1.The company accepts payment by Visa, MasterCard, Switch, Maestro, Amex, Delta, PayPal & Apple Pay. All product prices and delivery charges are shown in UK pounds sterling.
2. Upon receiving your order, the Company will authorise a charge for the full order amount in UK pounds sterling against your chosen payment method.
3. If for any reason the purchaser pays by cheque for any order and the payment is not honoured by the purchasers bank, a fee will be applied by the Company for the sum of £35.00 + Vat.
Where the Company owes any sums to the Purchaser in consequence of any trading arrangements or for promotional or advertising contributions or for retrospective discounts, the Company shall settle such amounts by setting off such amounts against all sums owed to the Company hereunder.
No retrospective / turnover discounts will be given to the Purchaser unless the charges for the period covered have been paid in accordance with standard settlement terms.
14. WAIVER OF CONDITIONS AND INDULGENCE
Any concession granted by the Company to the Purchaser or any waiver by the Company of its rights under these Conditions of Sale in respect of any particular transaction or series of transactions shall not be deemed an agreement to confer the same concession in respect of any further transaction.
15. FORCE MAJEURE
If the Company’s ability to perform its obligations hereunder is limited, delayed or prevented in whole or in part by any reason whatsoever not reasonably within the control of the Company, the Company shall be excused, discharged and released without penalty from performance of the contract to the extent that such performance is so limited, delayed or prevented.
16. SUB CONTRACTS
The Company shall in its discretion be entitled to subcontract its obligations, hereunder.

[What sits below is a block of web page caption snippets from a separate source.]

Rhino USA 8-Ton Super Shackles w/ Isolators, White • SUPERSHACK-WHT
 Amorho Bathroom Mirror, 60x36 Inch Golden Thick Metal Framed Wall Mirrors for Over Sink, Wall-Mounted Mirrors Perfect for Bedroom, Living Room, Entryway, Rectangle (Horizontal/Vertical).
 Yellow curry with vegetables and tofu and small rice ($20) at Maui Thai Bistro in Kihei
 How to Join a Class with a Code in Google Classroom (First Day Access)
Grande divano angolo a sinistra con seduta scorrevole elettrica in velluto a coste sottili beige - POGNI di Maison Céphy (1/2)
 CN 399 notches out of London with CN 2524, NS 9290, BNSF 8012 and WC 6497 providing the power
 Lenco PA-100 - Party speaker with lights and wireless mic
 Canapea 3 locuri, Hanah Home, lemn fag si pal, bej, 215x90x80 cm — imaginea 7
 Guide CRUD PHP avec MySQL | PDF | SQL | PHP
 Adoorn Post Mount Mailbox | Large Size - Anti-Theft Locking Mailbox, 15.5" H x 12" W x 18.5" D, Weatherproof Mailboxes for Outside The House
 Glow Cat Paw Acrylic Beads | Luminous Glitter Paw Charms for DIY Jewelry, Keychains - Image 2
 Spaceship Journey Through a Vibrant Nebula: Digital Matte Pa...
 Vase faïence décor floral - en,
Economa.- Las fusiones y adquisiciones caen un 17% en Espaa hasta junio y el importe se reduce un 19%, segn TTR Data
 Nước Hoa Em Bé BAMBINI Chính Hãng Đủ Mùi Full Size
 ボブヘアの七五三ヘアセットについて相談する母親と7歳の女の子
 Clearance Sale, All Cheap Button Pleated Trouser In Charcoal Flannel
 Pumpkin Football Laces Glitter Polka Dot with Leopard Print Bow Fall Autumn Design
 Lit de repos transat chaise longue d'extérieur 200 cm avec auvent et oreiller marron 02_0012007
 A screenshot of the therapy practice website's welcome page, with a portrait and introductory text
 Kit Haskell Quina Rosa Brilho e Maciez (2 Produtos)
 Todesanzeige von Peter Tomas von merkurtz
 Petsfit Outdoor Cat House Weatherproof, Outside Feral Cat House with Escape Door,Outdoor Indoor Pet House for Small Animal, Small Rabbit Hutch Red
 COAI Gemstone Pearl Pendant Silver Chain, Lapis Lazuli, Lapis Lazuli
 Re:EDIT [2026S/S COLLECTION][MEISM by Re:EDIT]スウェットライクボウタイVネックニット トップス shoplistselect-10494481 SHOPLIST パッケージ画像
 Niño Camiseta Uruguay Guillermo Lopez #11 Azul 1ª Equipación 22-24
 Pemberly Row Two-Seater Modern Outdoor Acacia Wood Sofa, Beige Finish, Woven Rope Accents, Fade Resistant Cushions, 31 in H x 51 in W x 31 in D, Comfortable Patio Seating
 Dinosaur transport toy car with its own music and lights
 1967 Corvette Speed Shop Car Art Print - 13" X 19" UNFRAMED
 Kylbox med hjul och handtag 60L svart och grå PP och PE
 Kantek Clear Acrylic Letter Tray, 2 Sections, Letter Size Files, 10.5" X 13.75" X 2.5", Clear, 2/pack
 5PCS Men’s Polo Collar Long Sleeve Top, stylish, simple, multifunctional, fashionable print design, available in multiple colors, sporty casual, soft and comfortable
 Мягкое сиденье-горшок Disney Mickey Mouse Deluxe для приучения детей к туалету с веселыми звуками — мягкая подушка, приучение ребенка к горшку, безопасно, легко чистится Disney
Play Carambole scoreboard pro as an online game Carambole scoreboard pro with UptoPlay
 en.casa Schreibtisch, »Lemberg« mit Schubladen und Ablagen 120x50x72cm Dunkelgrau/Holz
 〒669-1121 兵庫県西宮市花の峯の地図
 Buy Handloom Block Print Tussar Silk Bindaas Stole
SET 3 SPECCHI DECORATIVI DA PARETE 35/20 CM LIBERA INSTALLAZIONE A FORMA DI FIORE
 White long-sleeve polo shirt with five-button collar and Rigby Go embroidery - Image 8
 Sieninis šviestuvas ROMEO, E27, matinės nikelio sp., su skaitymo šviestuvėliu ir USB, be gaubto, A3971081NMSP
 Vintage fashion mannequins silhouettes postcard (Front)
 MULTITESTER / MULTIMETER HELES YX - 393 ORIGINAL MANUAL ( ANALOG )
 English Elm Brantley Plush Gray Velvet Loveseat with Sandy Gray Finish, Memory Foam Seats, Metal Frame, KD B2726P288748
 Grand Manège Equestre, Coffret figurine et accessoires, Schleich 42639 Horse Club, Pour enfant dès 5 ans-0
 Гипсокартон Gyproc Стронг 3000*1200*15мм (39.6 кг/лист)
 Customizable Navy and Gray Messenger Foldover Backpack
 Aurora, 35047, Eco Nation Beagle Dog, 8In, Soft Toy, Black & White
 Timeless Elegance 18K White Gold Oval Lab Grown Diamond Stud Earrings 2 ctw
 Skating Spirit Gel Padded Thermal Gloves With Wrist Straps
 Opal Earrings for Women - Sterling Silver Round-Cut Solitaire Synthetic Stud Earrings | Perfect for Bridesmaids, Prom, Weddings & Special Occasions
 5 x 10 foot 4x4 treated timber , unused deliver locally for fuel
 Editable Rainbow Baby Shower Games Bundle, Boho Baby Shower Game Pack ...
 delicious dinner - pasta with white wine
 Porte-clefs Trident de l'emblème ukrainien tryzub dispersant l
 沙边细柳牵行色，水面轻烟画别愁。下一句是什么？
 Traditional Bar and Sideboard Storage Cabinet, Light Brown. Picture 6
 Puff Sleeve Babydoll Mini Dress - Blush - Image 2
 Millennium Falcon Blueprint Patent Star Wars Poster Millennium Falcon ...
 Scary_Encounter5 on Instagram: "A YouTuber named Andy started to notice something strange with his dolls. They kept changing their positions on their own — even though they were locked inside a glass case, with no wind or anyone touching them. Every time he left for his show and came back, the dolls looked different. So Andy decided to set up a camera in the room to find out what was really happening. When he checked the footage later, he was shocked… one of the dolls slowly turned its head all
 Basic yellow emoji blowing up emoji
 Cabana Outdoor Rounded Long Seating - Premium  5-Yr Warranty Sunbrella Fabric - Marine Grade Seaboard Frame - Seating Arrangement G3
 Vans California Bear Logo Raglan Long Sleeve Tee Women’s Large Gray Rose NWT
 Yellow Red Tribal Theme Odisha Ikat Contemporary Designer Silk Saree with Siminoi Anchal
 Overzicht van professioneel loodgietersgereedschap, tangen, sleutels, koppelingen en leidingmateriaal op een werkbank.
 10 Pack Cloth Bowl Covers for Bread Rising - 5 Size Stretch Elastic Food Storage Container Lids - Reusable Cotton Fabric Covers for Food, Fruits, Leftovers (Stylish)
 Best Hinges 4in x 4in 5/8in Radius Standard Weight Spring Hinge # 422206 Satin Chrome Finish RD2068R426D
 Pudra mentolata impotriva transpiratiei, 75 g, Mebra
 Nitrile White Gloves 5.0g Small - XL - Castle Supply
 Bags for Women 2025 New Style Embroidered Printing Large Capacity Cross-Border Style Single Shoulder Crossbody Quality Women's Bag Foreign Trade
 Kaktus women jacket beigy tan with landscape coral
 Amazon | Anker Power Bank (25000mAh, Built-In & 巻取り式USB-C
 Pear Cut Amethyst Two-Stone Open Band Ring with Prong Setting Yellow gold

All notices and communications made pursuant to these Conditions of Sale by one party to the other shall be validly given or made by letter by first class registered post sent to the addresses listed overleaf or such address as shall be notified to the party concerned. All noted sent in accordance with the above shall be deemed to have been received within forty-eight hours of the date of posting.
By signature and/or acceptance of Goods, the Purchaser agrees to be bound by these Conditions of Sale.
If any of these Conditions of Sale is held not to be valid but would be valid if any pert of the wording were deleted or modified then that provision shall apply with such modifications as may be necessary to make it enforceable.
20. GOVERNING LAW
These conditions of Sale shall be governed by and construed in accordance with English Law and each party irrevocably submits to the jurisdiction of the English courts.